Sailing fever grips the city with Volvo Ocean Race competitors moored

The sun was streaming through the Volvo Village with not a cloud in the sky. Local yachtie Marty Kaye was pumped from a visit to the Scallywag display at the village, opposite the Grinding Challenge.

“We’ve got to stop people thinking sailing is an elitist sport,” said Kaye emphatically, just as a freewheeling freebie frisbee released from the wayward grip of a child knocked him in the head.

It was as if this, and a virtual reality sailing experience, had been the fillip for him to view sailing in a new reality. 

“We’ve got to get more people out on the water and we’ve got to get tonnes more school kids behind it.”
Vestas 11th Hour Racing in action at sea in international waters during the Volvo Ocean Race.
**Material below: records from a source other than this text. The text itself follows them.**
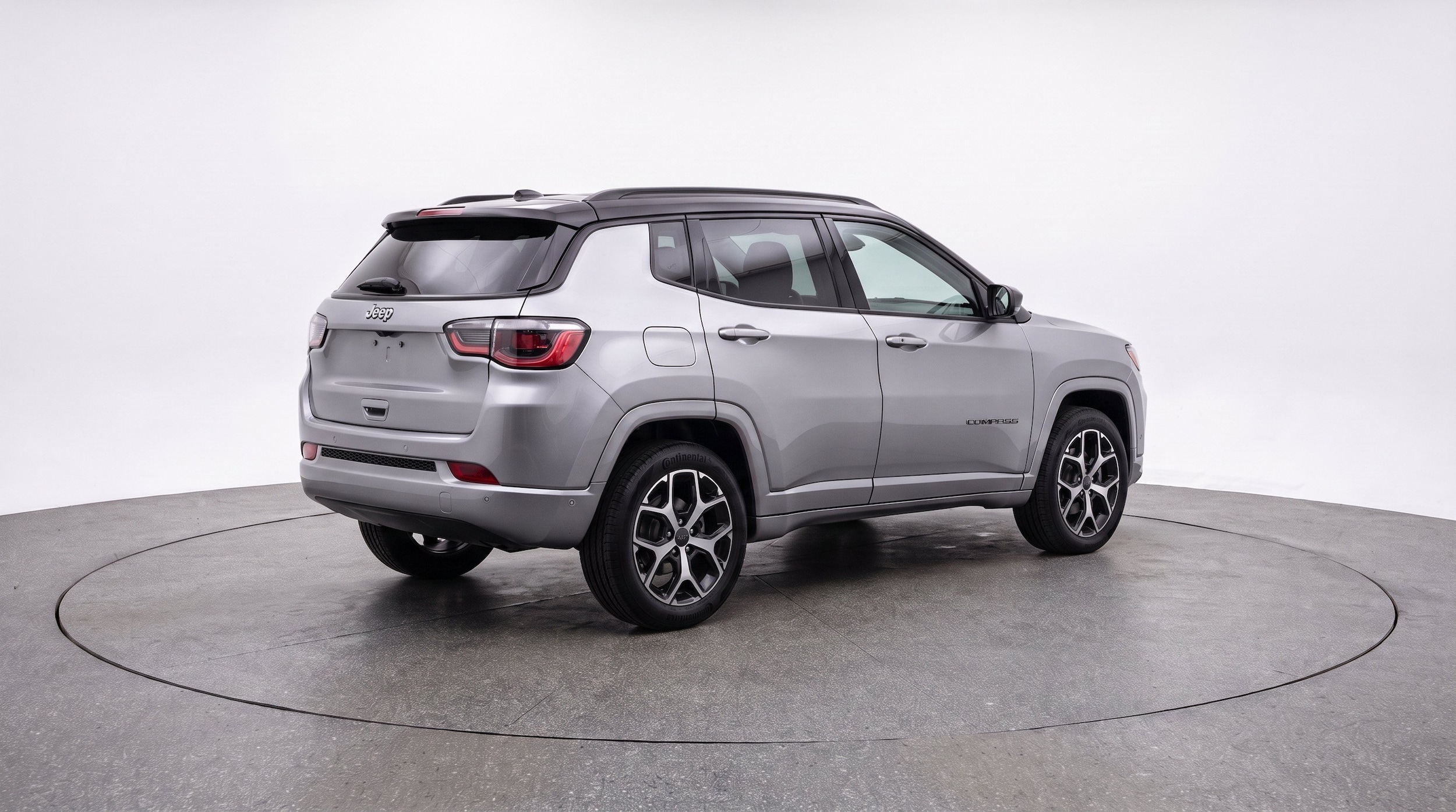 Thumbnail: 2025 Jeep Compass - 9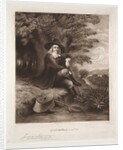 Izaak Walton, 1898 by Samuel Arlent-Edwards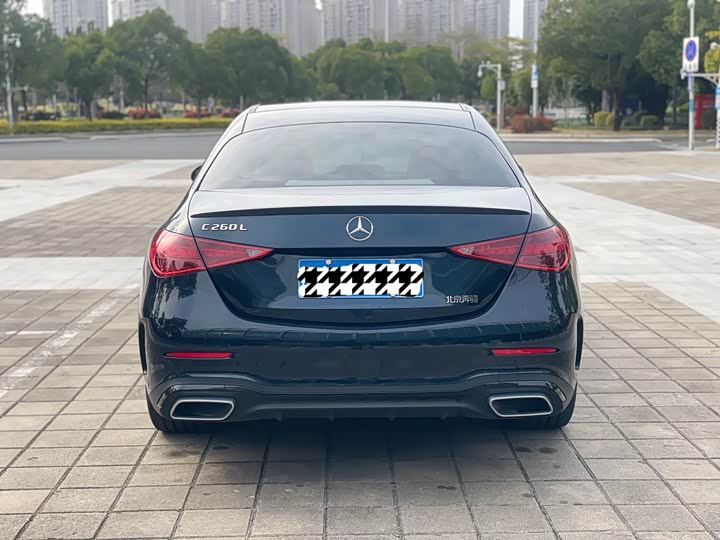 Фото 8 - Mercedes-Benz C-Class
Photo: EPA

If you go with the Andy Warhol theory that you only need a handful of people to be thinking the same thought at the same time to create a new trend, Kaye isn’t the only one on this track. 

The legacy of the Volvo Ocean Race coming to the city is already being planted, with the Hong Kong Sailing Federation and team Sun Hung Kai/Scallywag announcing a development programme that will build a “city of sailors”.

“If fully funded, it will provide 9,000 days of free education and sailing to less advantaged children from Hong Kong,” says federation vice-president Charlie Mazoni.

“That includes teaching them to swim if they if they have not had the luxury of learning before.

“It is designed to be a long-term and sustainable programme that will ultimately build a city of sailors who are environmentally aware and who can take the life skills they have learned as part of the programme back into the broader community.

“We need to fund that programme. Sun Hung Kai, Mr Lee [tycoon Lee Seng Huang] and the Scallywag programme have generously promised a dollar-for-dollar match for every dollar we can raise.”

A grass-roots initiative like this will get plenty of kids out on the wild blue yonder. Hong Kong may struggle to find enough space for rugby pitches, and there are those who would like to see one of Fanling’s three golf courses become housing, but there’s no shortage of waterways in our coastal metropolis – 733 kilometres of coastline to be precise.

Already, every year the Leisure and Service Cultural Services Department takes thousands of kids out on the water, with over 4,000 certificates awarded annually. 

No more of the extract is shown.